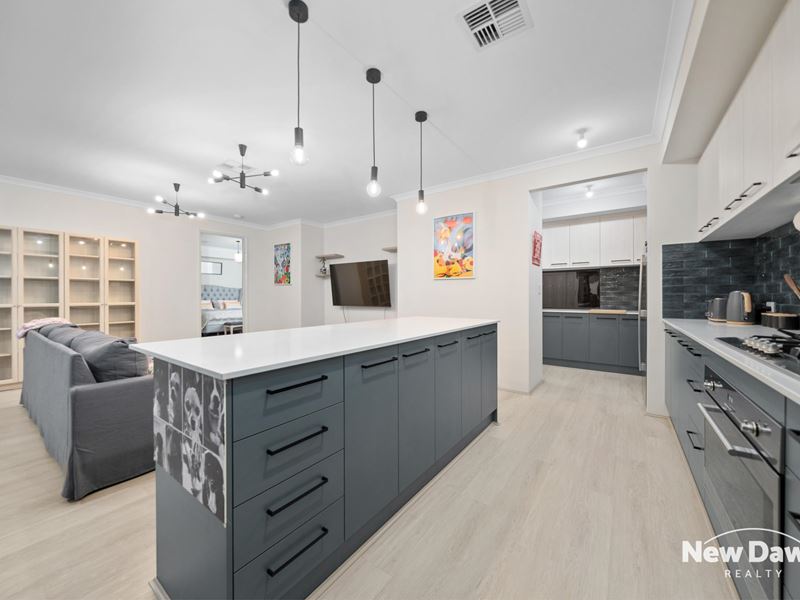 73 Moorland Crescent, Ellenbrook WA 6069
--
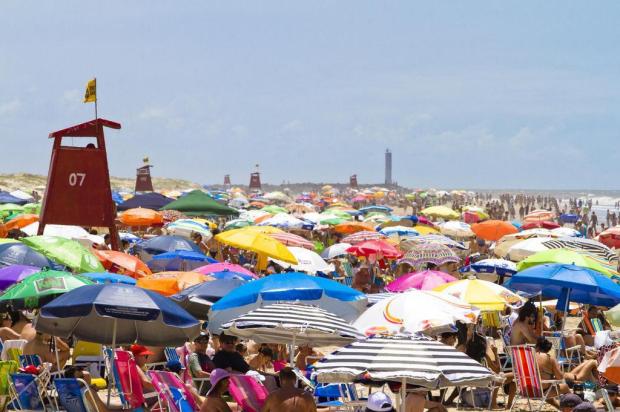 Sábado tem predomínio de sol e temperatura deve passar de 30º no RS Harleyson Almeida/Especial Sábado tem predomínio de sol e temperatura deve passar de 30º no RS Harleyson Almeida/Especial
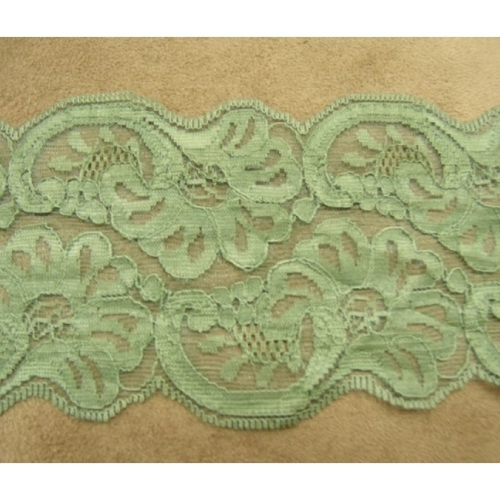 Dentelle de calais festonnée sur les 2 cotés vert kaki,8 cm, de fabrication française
---
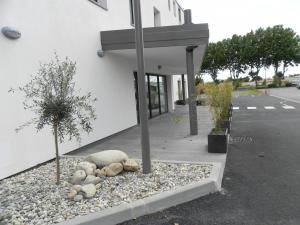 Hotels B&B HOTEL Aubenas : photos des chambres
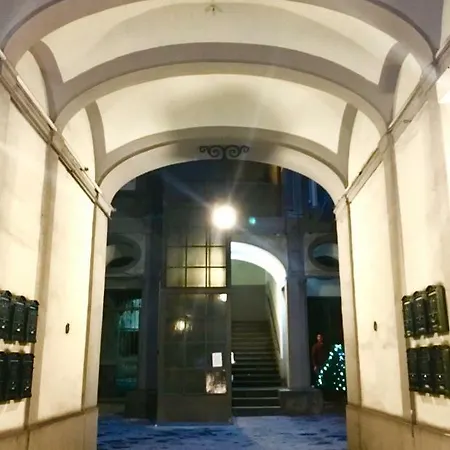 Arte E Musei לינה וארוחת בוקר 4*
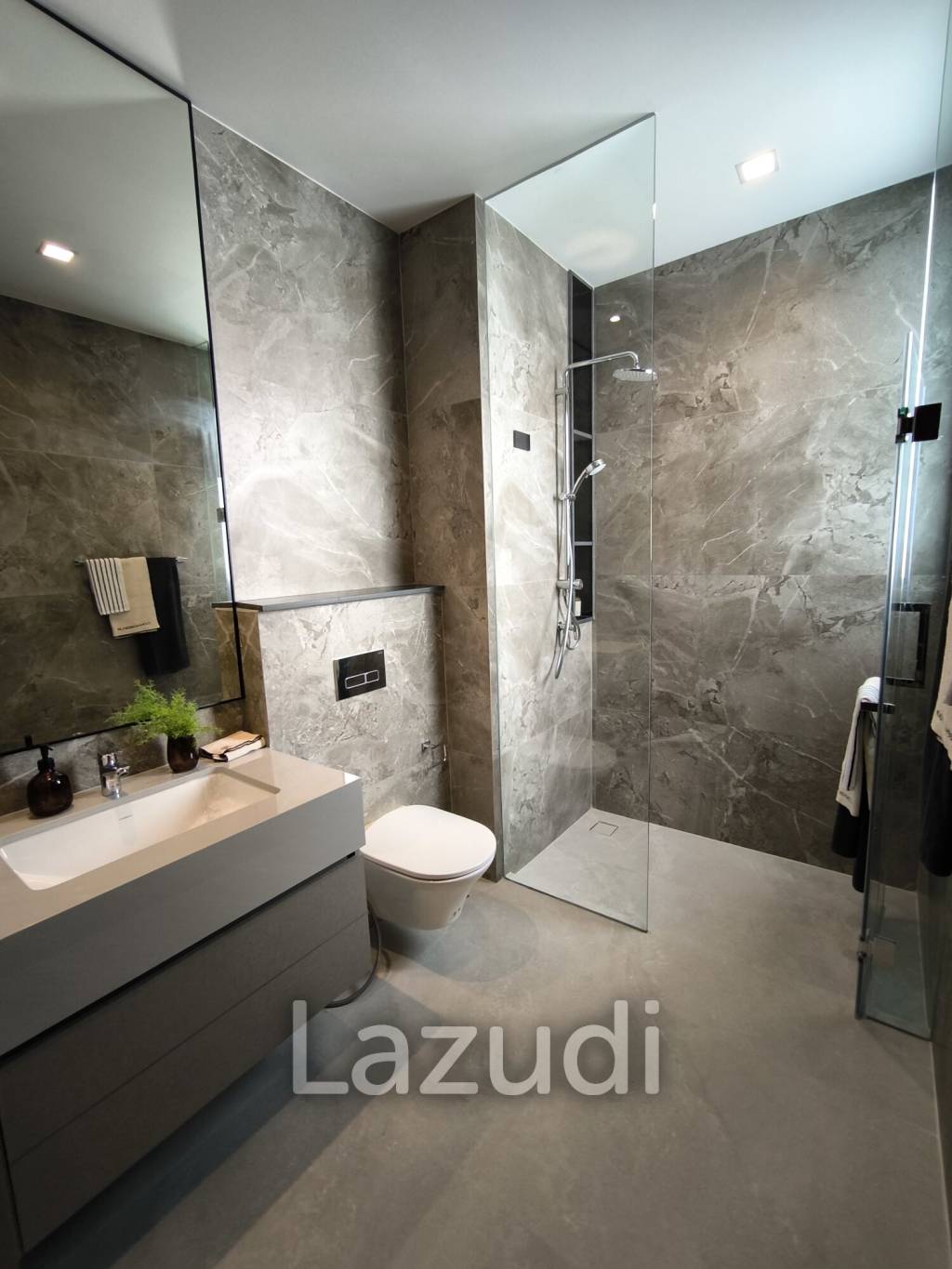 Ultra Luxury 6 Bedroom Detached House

Your objective: Please copy out from the data above, without any picture, exactly the lines running from the one that holds "Hotels B&B HOTEL" through the one that holds "Ultra Luxury 6 Bedroom Detached House", and nothing beyond them.

Written answer:
 Hotels B&B HOTEL Aubenas : photos des chambres
 Arte E Musei לינה וארוחת בוקר 4*
 Ultra Luxury 6 Bedroom Detached House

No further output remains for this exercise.